* _Problem statement_:
I'd like the entire listing output verbatim, apart from the pictures.

* _Supplied material_:
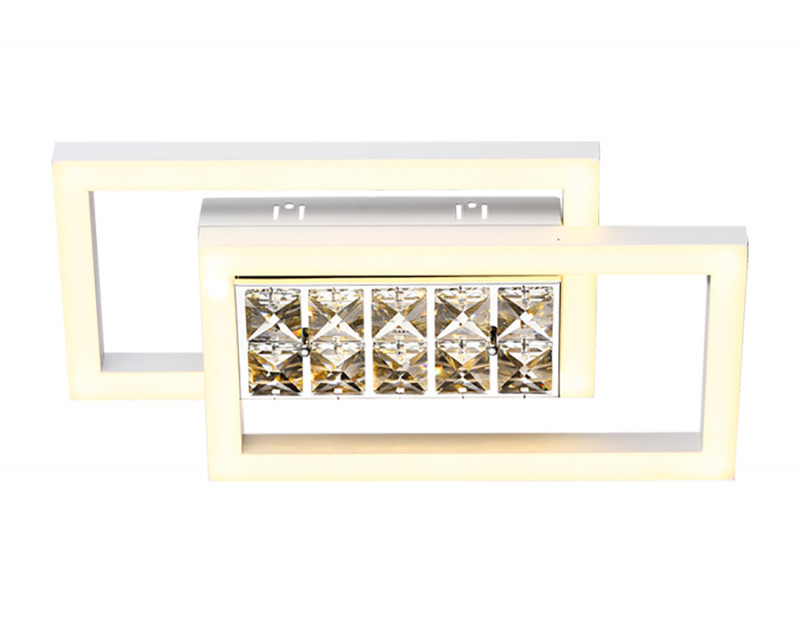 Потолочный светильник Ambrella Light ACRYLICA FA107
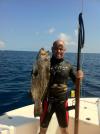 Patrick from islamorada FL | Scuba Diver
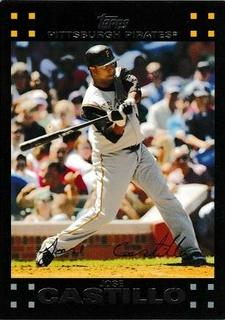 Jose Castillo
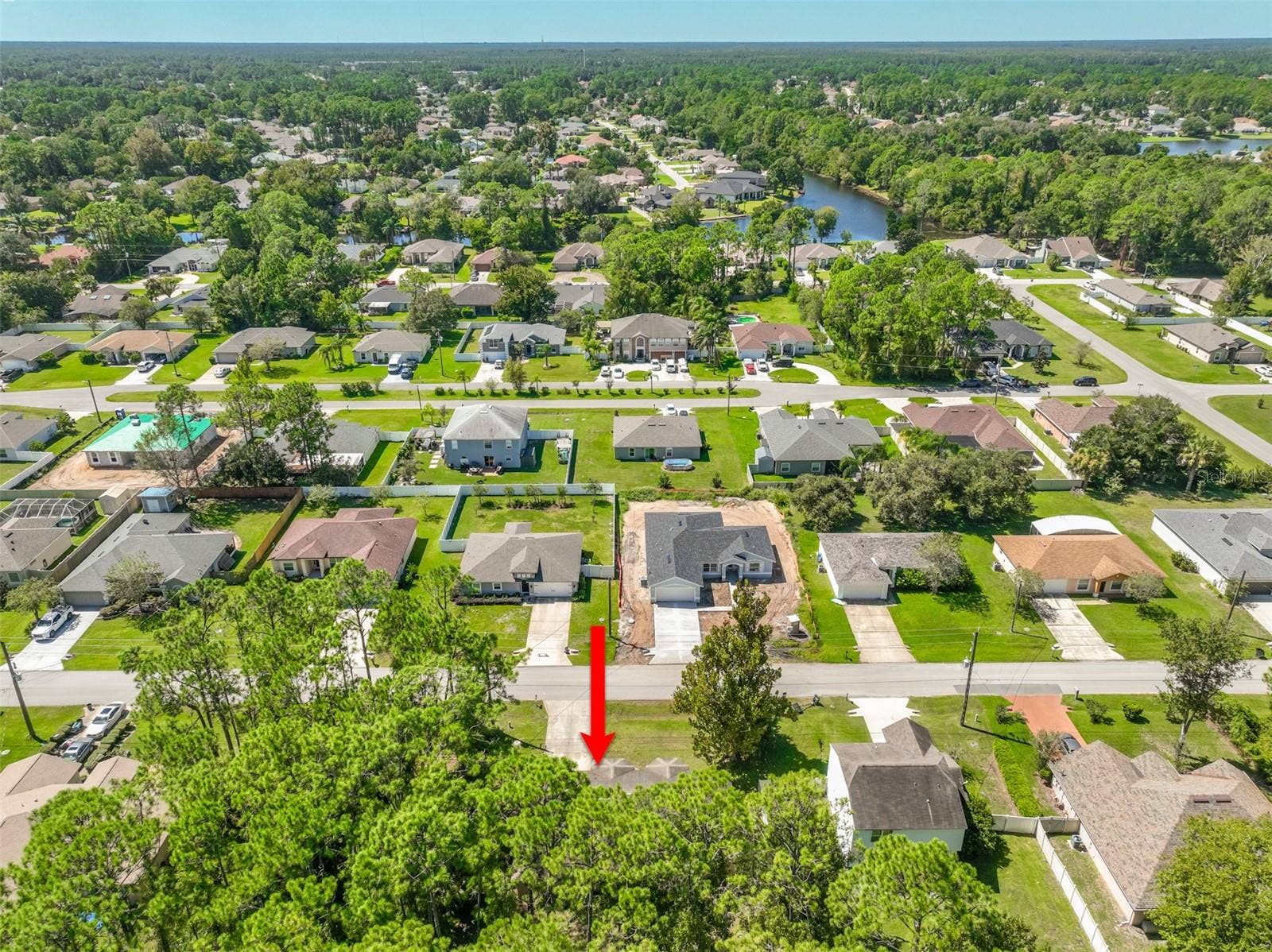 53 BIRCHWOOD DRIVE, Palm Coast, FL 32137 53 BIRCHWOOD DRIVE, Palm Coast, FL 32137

* _Solution below_:
 Потолочный светильник Ambrella Light ACRYLICA FA107
 Patrick from islamorada FL | Scuba Diver
 Jose Castillo
 53 BIRCHWOOD DRIVE, Palm Coast, FL 32137 53 BIRCHWOOD DRIVE, Palm Coast, FL 32137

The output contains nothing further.